AIM OF THE TASK: Omit the pictures and retype only the lines from the one containing "Hello guys, welcome" through the end of the listing, both ends included.

◆ ◆ ◆ ◆

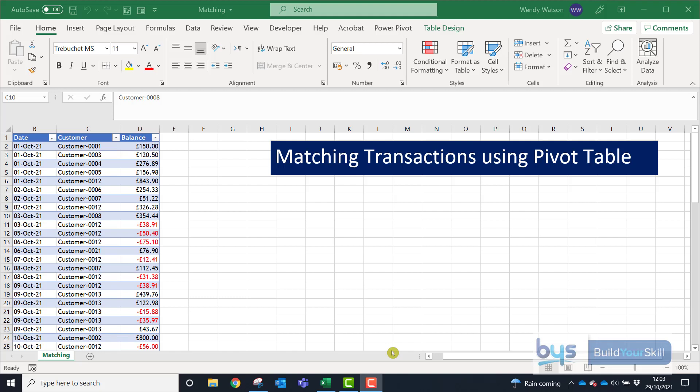I just wanted to do a video to show you how you might match transactions using a pivot table. So you'll see here we've got a list of customers who've purchased items, some have paid, some have not.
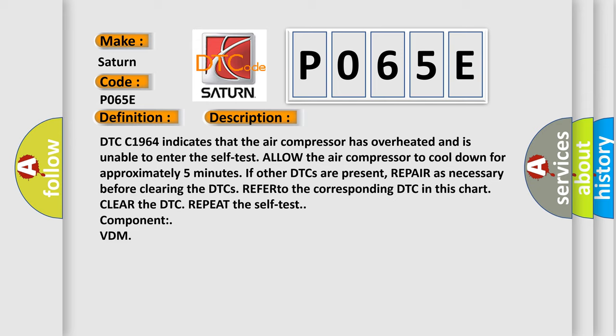DTC C1964 indicates that the air compressor has overheated and is unable to enter the self-test. Allow the air compressor to cool down for approximately five minutes. If other DTCs are present, repair as necessary before clearing the DTCs. Refer to the corresponding DTC in this chart. Clear the DTC and repeat the self-test component VDM.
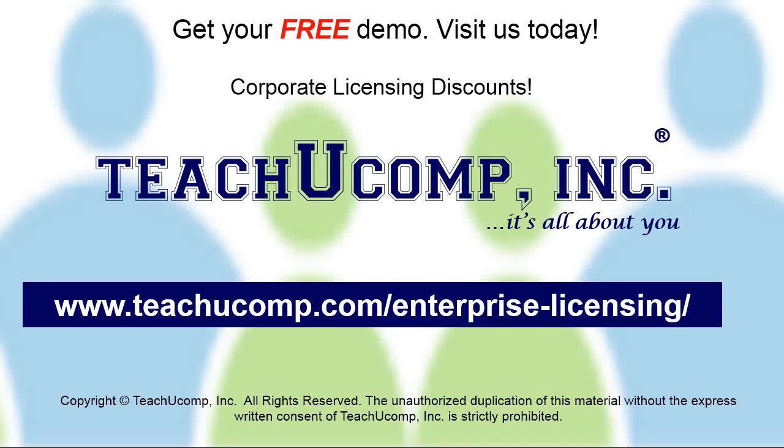Need computer training for a group or office? Contact us today to get a free demo of our training at www.teachucomp.com/enterprise-licensing.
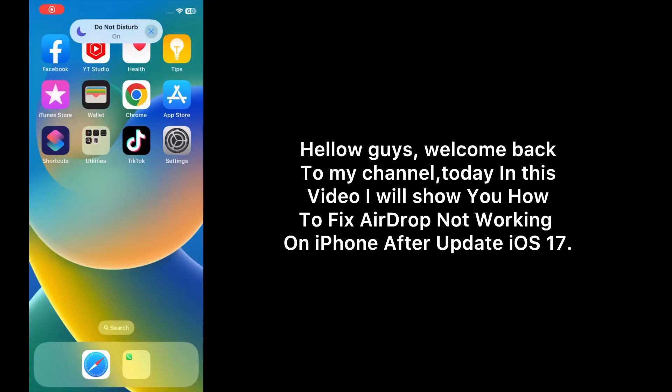Hello guys, welcome back to my channel. Today in this video I will show you how to fix AirDrop not working on iPhone after updating to iOS 17.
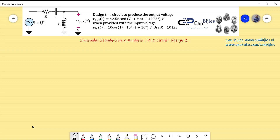Hi everyone and welcome to this new video about steady state analysis. We continue with our design examples and this is our second example about RLC circuit design.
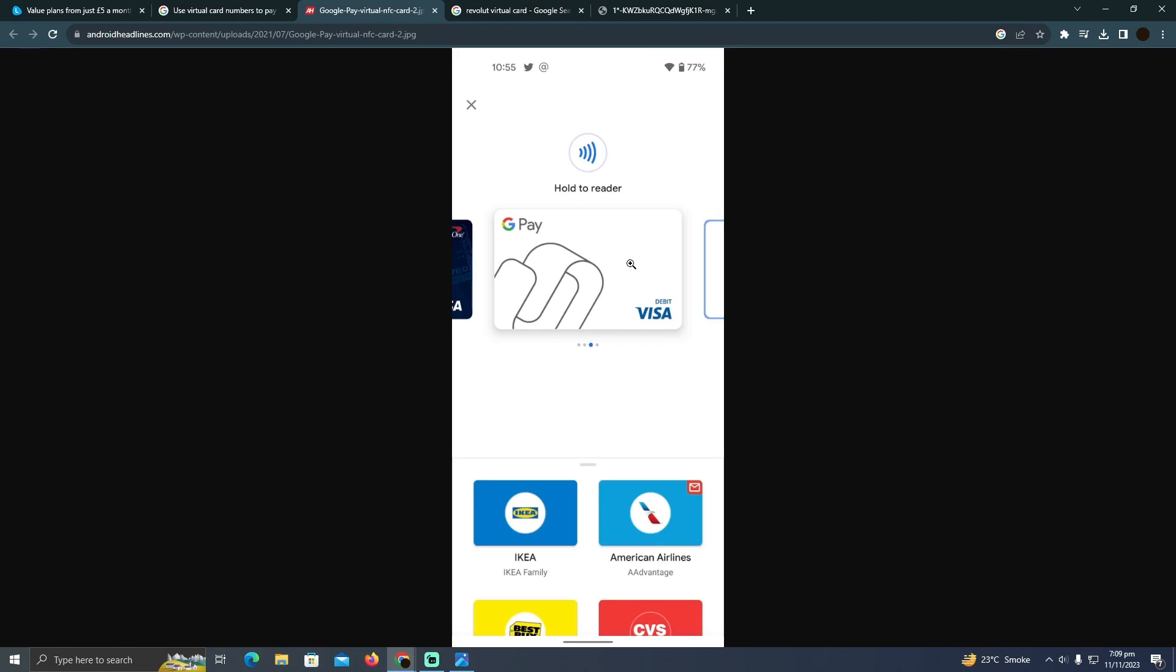This is how your card will look in your GPay. As you can see, you will be able to select any of the virtual cards. You will also be able to see your Revolut's virtual card.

◆ ◆ ◆ ◆

EXERCISE ANSWER:
Hello guys, welcome back to my channel. Today in this video I will show you how to fix AirDrop not working on iPhone after updating to iOS 17.
Hi everyone and welcome to this new video about steady state analysis. We continue with our design examples and this is our second example about RLC circuit design.
This is how your card will look in your GPay. As you can see, you will be able to select any of the virtual cards. You will also be able to see your Revolut's virtual card.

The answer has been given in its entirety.